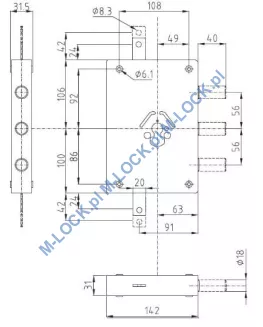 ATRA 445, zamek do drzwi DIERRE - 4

____________________

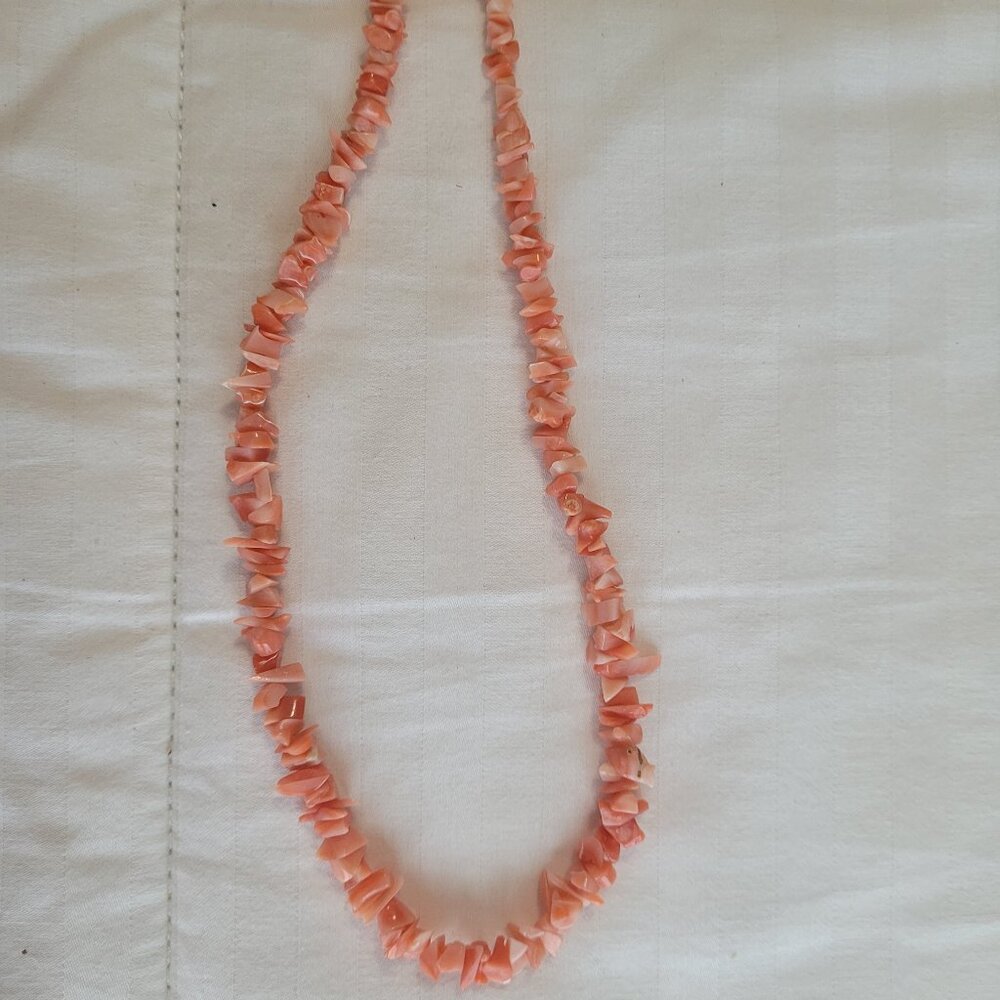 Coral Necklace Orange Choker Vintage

____________________

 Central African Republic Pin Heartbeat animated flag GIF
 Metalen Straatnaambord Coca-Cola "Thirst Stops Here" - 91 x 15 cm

____________________

● Assigned task
Give back precisely the lines above that start at the line containing "Central African Republic" and end at the line containing "Metalen Straatnaambord Coca-Cola", inclusive. No other lines belong in the output.

● Problem solution
 Central African Republic Pin Heartbeat animated flag GIF
 Metalen Straatnaambord Coca-Cola "Thirst Stops Here" - 91 x 15 cm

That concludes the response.